Officers' Reports & Member Announcements
Robbie Fanning reported that we have about $2,700 in the bank, enough for all members to take a trip to Las Vegas.
Mark Rand reported that 6 Flag Display Boxes were finished and would be delivered to Bill Tarleton of the Diablo Woodworkers for inclusion in his shipment of over 100 boxes to New York. A flag will be placed in each box and will be presented to family members of those Police and Firemen killed on 9/11.
Jay Perrine outlined the April also the May meeting presentations. They can be found elsewhere in this newsletter.
Arnie Champagne described his schedule of classes. See details under Classifieds.
Stan Booker passed out some reprints. One described some pull saws developed by Vaughan & Bushnell of Hebron, Ill. The other described a new book The Art of Fine Tools by Sandor Nagyszalanczy. Sandor has been a guest lecturer at BAWA several times. Both reprints will be in our library.
Craig then introduced a visitor, Tim Mensch of Oakland who found us on the Internet. He is starting out and has some hand tools and a wimpy table saw.
Show & Tell
Arnie Champagne showed some bath towel racks and other hardware he's making from Corian and using stainless steel rods.
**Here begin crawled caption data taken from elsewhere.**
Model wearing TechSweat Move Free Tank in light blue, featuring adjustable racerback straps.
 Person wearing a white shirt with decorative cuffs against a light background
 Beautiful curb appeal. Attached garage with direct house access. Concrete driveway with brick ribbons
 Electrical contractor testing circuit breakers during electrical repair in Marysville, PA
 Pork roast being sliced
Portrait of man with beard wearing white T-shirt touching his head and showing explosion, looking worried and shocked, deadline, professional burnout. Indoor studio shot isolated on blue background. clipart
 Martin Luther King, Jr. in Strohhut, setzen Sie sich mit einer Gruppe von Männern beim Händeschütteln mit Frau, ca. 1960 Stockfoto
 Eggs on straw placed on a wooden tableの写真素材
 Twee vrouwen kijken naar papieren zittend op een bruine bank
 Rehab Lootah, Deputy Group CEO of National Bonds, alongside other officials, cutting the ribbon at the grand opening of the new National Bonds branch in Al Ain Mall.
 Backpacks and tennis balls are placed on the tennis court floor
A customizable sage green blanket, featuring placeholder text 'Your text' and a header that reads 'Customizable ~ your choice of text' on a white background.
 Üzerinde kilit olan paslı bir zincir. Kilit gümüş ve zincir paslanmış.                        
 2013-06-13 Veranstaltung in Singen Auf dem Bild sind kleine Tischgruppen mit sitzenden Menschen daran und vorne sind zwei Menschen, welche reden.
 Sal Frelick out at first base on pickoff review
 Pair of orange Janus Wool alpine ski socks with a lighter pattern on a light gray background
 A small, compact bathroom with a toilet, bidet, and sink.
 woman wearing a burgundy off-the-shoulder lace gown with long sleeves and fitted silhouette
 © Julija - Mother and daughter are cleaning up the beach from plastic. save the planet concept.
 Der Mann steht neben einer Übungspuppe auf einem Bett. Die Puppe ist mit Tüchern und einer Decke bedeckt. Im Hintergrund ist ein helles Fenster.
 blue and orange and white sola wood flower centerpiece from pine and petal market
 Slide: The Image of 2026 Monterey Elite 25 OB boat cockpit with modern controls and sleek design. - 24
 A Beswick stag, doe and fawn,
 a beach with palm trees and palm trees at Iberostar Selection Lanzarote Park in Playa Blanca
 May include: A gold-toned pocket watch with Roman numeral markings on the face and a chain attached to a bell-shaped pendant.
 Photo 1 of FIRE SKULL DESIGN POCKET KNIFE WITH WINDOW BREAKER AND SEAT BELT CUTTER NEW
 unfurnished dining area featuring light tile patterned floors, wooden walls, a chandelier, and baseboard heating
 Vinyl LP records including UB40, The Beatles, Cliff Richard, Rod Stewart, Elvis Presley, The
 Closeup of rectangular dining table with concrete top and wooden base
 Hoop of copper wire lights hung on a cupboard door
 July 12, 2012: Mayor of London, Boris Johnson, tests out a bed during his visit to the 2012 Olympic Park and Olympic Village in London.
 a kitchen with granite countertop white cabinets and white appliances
He discussed how he works with small scrap pieces of Corian (from Urban Ore behind McBeath in Berkeley) and 12" lengths of rod (from Bay Shore Metals).
Bill Manix brought some joinery samples he made using a router. They were very complicated and one assumed they could only have been done by hand. For example one was a mitered corner with a hidden mortise and a through tenon. Yet he did it with multiple passes with his router. Amazing!
After a short break, we were led to the back rooms (some had already sneaked peeks) to see an amazing array of machines with dials, gages and other "stuff." Bill Manix introduced us to our host Doug McAdoo, the owner of Bay Area Carbide. Doug started working here in 1975 at a young age (no numbers divulged). Then became a Union carpenter for a couple of years and then came back. He bought the business in 1996. He talked about his 2 acres with a crummy house but a nice wood shop. He started our tour by demonstrating a very elaborate sharpening grinder for smooth edge cutters. As with most of his equipment, it is computer controlled German machine which is worth about $100,000. It has interchangeable grit wheels for various jobs. He demonstrated sharpening a paper-shearing knife which was about 4' long then some small blades also. Describing this machine (and all the others) would take pages since they are very sophisticated machines. Saw blades of various diameters also go through an elaborate process using various machines to flatten the blade, properly tension the blade, repair sections if necessary and grind or sharpen every part of the cutting edge.
One computer-controlled machine does the grinding/sharpening process automatically on blades that have combinations of tooth arrangements. He also demonstrated his band saw blade making machines with a member getting 2 blades as we watched. With all the fancy equipment, it was soon apparent that a tremendous amount of experience is needed to do the job correctly. I felt one of the teeth of a finished blade, it seemed sharper than the new ones at the store! He finished up by giving away some goodies such as jig saw blades. A very gracious host and a very informative evening.
We finished up with Stan Booker giving out the door prizes which were Surfoam type planing blades to attach to hacksaw frames. Raffle wood is Zebrawood, buy your tickets now before they are sold out.